Plugin: Metadata delimiters
Other versions of this plugin may exist. Please ensure you are viewing the documentation for the version that you are currently using. If you are not running the latest version of your plugin we recommend upgrading. See: list of all available versions of this plugin. |
This filter can be used to replace the delimiters used in metadata fields on a per-field basis.
The delimiters are replaced with the Funnelback standard delimiter (a vertical bar character).
Usage
Enable the plugin
Enable the metadata-delimiters plugin on your data source from the Extensions screen in the administration dashboard or add the following data source configuration to enable the plugin.
plugin.metadata-delimiters.enabled=true
plugin.metadata-delimiters.version=1.0.0
The plugin will take effect after a full update of the data source. |
Configuring the plugin
The MetadataDelimiters
filter must be added to the jsoup filter chain in order for the plugin to work.
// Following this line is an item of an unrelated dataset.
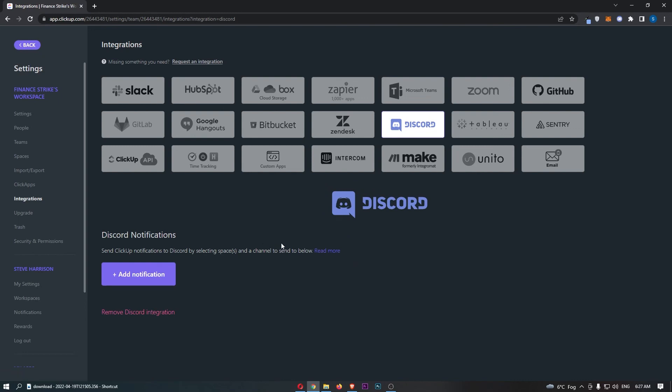And just like that, guys, that is how you can integrate ClickUp with Discord. Thank you for watching.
Add the filter to the jsoup.filter.classes
in the data source configuration.
e.g.
filter.jsoup.classes=ContentGeneratorUrlDetection,FleschKincaidGradeLevel,UndesirableText,com.funnelback.plugin.metadatadelimiters.MetadataDelimiters
The following options must be set in the data source configuration to configure the plugin:
-
plugin.metadata-delimiters.config.metadata.<METADATA-FIELD-NAME>.delimiter=<CHARACTER-TO-REPLACE>
: This defines the delimiter character<CHARACTER-TO-REPLACE>
that applies to the specified metadata field. A key needs to be defined for each field where you want to set the field delimiter. Only a single field delimiter is supported. e.g.plugin.metadata-delimiters.config.metadata.keywords=,
sets the separator for the<meta name="keywords">
field to a comma.
Additional configuration settings:
-
plugin.metadata-delimiters.config.metadata.<METADATA-FIELD-NAME>.attribute=<META-FIELD-ATTRIBUTE-CONTAINING-NAME>
: This changes the<meta>
tag property that holds the metadata field name. This is normallyname
but for some<meta>
tags such as Open Graph meta tags this needs to be set toproperty
. e.g. a standard metadata field looks like<meta name="dc.title" content="Example title">
. An Open Graph metadata field looks like<meta property="og:title" content="Example title">
. A key needs to be set for each metadata field that does not have the metadata field name defined within thename
attribute of the<meta>
tag. -
plugin.metadata-delimiters.config.separator=<DELIMITER-TO-USE>
: This defines the padre separator, which is what the delimiter is replaced with. Default is the vertical bar character|
. This only needs to be changed if thefacet_item_sepchars
indexer option has been set and removes the vertical bar from the list of separators.
Example
Consider the following HTML file:
<html>
<head>
<title>Example document</title>
<meta name="country" content="Australia, New Zealand">
<meta name="fruit.type" content="apple; banana; pear">
<meta name="colour" content="blue, green, orange, pink">
<meta property="og:type" content="web page; article">
</head>
<content>
...
</content>
</html>
To set the field delimiters for the fruit.type
, colour
and og:type
fields:
-
enable the
metadata-delimiters
plugin. -
add the metadata delimiters filter to the jsoup filter chain and ensure jsoup filtering is enabled in the main filter chain.
-
Add the following data source configuration options to configure the plugin:
plugin.metadata-delimiters.config.metadata.colour.delimiter=, plugin.metadata-delimiters.config.metadata.fruit.type.delimiter=; plugin.metadata-delimiters.config.metadata.og:type.delimiter=; plugin.metadata-delimiters.config.setting.og:type.attribute=property
-
Run a full update of your data source.
The plugin will update the HTML that is stored on disk to:
<html>
<head>
<title>Example document</title>
<meta name="country" content="Australia, New Zealand">
<meta name="fruit.type" content="apple| banana| pear">
<meta name="colour" content="blue| green| orange| pink">
<meta property="og:type" content="web page| article">
</head>
<content>
...
</content>
</html>
This will result in the Funnelback indexer splitting the colour
, fruit.type
and og:type
fields when indexing. The country field will not get split.